Accompanied by a drum and the continuous drone of bagpipes, the General Manager of Sir Stamford at Circular Quay, Jacky Cheung, declared the Highlander Whisky Bar open for business last month.
The bar’s stately interior melds well with the old-world charm of the 5-star hotel. While a red tartan wall marks the internal entrance from the hotel, you can also enter the Highlander from Macquarie Street without an awkward parade through the hotel lobby.
It’s a large but cosy space, with a piano and plenty of well-spaced armchairs set around polished table tops.
Timber floors are softened by Persian carpets; with the bar’s moody light level boosted by shaded table lamps and direct lighting that highlights the ornate, gold-framed art collection.
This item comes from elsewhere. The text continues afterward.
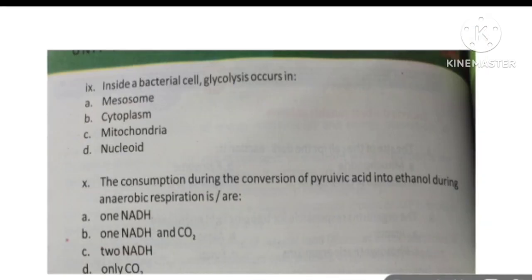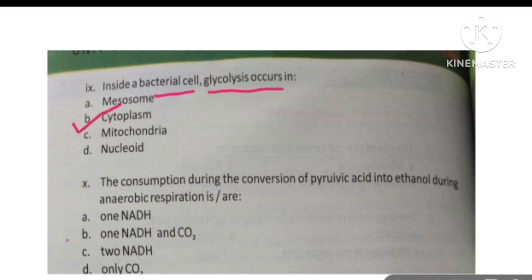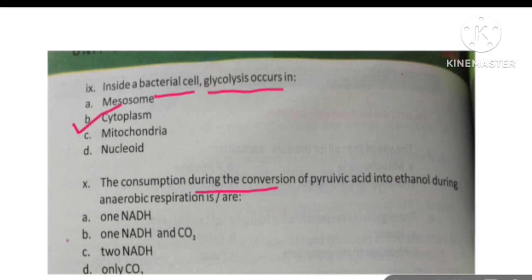Next MCQ: inside a bacterial cell, glycolysis occurs in the cytoplasm. And the last MCQ: the consumption during the conversion of pyruvic acid into ethanol during anaerobic respiration — the correct option is 2-NADH.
Some paintings are in need of restoration, their detail diminished by layers of tobacco from back when you could still smoke in bars.
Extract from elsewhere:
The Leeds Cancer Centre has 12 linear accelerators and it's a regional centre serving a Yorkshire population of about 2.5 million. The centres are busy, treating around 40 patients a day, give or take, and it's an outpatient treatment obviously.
The launch soiree saw us digging into plates of well-displayed Australian cheese, fruit, dips and charcuterie. They bode well for the bar’s planned whisky and cheese tastings, and their bi-monthly Whisky Master Classes ($80-$130/head) which will see guests taste across across five or six different whiskies. You can also visit the bar independently and order your own mini version – the Cheese Plate ($20).
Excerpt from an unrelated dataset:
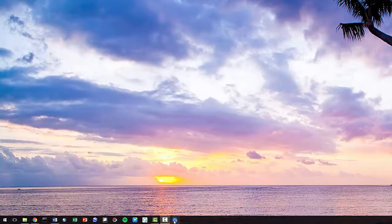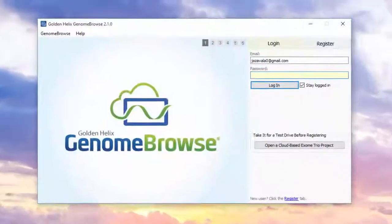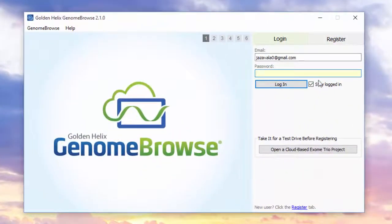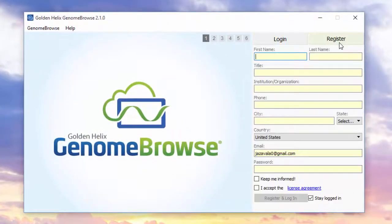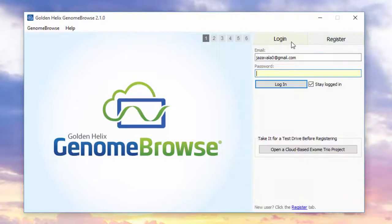Launch Genome Browse. You'll have to register an account with Golden Helix. Once you do, type in your password and log in.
While all the tartan, the bagpipes, and the Highlander name, do indicate a Scottish predilection, the whisky list - put together by Bar Manager Noba Inoue – does venture to Japan, Ireland, America and Taiwan as well as some local distillers.
A fan of port and sherry, Inoue’s list favours prettier expressions of whisky that throw fruit, vanilla, chocolate and spices. For a peat-head like me, there’s just a few whiskies, most of which I’m already familiar with –Talisker, Ardbeg and Laphroaig’s ten-year-old expressions. While it’s a bit pricy, I decide to give the Highland Park 15-year-old ($35/shot) a whirl. Served in a cut crystal tumbler with ice passed separately, it’s no peat bog, but it’s an enjoyable dram. This whisky has been aged in sherry casks on the island of Orkney, which sits off the north-eastern coast of Scotland. It has an approachable caramel nose backed up by an enduring, peat-smoke finish.
I team my whisky with a Lord Nelson 3 Sheets Pale Ale ($10.50) chaser – one of only two craft beers available at Highlander. With citrus, malt and honey, this crafty is a better match than the whisky to Freshly Shucked Oysters ($38/12). The Sydney rock oysters that arrive are of indeterminate origin – when I asked the waiter, the kitchen told him they were from Sydney Fish Market. I reckon for the price, we can do better with provenance than that. They've also been shucked too early, so have lost all their lovely liquor by the time they get to me - luckily the vinaigrette is good.
The Club Sandwich ($25) – a hotel staple – was bland, let down by bruised avocado, fully set egg, and partially toasted bread that just ended up feeling stale.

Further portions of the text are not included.